Thanks for the help! I have a way forward now.

EDIT:

I did a little looking into it a little and I see no reason that the -u argument in the Docker command would not be working. The Docker docs clearly state that the -u option on the command like will override the user specified in the Docker file. Why it is not is a mystery to me.

But mapping my openhab:openhab user on the host to 9001 fixed things and now it boots as it should.

Glad to hear that you’ve figured out the issue. I have come across this user permissions issue before, and overriding with --user=root didn’t work. I didn’t spend much time on it at the time, but I recall that there were some explicit folder permissions being set in the openHAB launcher shell script that was copied in into the image for the openhab user - i.e. they were ignoring the user that docker was running under.

Because of this, and also a few customisation needs (i.e. I have support for various scripts I use built into my image) I always build my own openHAB image. I keep a ‘base’ image with all my custom bits, and then roll my openHAB image based on this base, which just installs the latest openHAB (downloading via wget, so I can control exactly what is happening). Takes seconds to rebuild a new image.

Apparently there is an environment variable you have to pass through as well as using the -u option. I’m about to test this but that is what the response was to my issue on github. More to folow.

I know I could create my own image but given that I’ve written and maintain the Docker installation docs I feel like I should use the official image so that the documents match what users will see.

More to follow when I figure out the proper way of doing things.

How do you map openhab:openhab on your host to 9001?
I have exactly the same problem. My openhab id on host is 999 and on the image 9001.

usermod -u <NEWUID> <LOGIN>    
groupmod -g <NEWGID> <GROUP>
find /mnt/config/openhab -user <OLDUID> -exec chown -h <NEWUID> {} \;
find /mnt/config/openhab -group <OLDGID> -exec chgrp -h <NEWGID> {} \;
usermod -g <NEWGID> <LOGIN>

Map is probably not the right word. I up and changed the ID on my host to 9001.

I should add that you should be able to pass on USER_ID=999 as a passed in environment variable in addition to the -u openhab:openhab option to force it to use your UID for openhab. Since I moved my user I haven’t been able to test this yet.

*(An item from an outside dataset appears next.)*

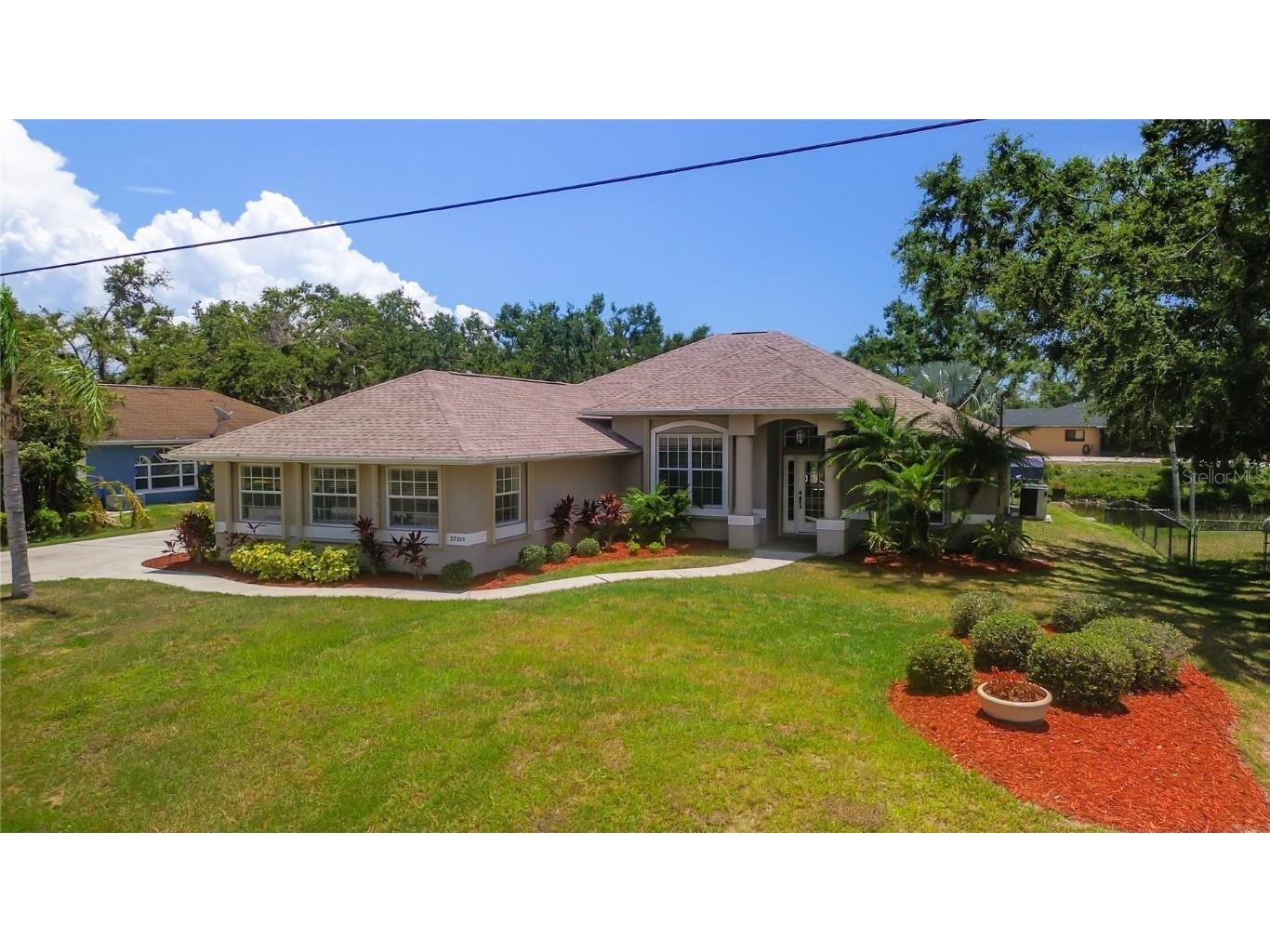 27325 Neaptide Drive Punta Gorda FL 33983 C7475745 image1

Seems like passing in -e USER_ID=999 doesn’t solve the problem, I still get the same error.

same for me here …
Docker doesn´t start …

Log says:

Launching the openHAB runtime…
stdout
11:28:59
karaf: KARAF_ETC is not valid: /openhab/userdata/etc

docker start is looping then with status “restarting…”

additional note:
When i try to start the image with that “entrypoint” hint from above it shows me:

docker run -v /volume1/Synology-Infrastructure/openHAB2/conf/:/openhab -it --entrypoint=/bin/bash openhab/openhab:2.0.0-amd64
bash: /openhab/.bashrc: Permission denied

You need to make sure that the permissions on all the files and folders mapped into the container are read/write able by UID 9001. All folders need to be executable by UID 9001 as well.

And heres the problem … I´m running the thing on a synology nas where i can´t create a user with a specific uid…
and the USERID variable for the docker doesn´t work :frowning:

You can take the Dockerfile and change the uid that gets built into the image and build your own I guess. Not sure what else can be done.

when i use -u option openhab starts to start up but after 2 secs this appears :frowning:

docker run -u 1035 --name openhab --net=host -v /etc/localtime:/etc/localtime:ro -v /volume1/Synology-Infrastructure/openHAB2/addons:/openhab/addons -v /volume1/Synology-Infrastructure/openHAB2/conf:/openhab/conf -v /volume1/Synology-Infrastructure/openHAB2/userdata:/openhab/userdata 5ad8888d9abb
Launching the openHAB runtime…
Unable to update instance pid: Unable to create directory /openhab/runtime/instances

That is still a permisisons issue. everything in /volume1/Synology-Infrastructure/openHAB2/userdata must be read/write for user 1035 and all folders must have execute for user 1035.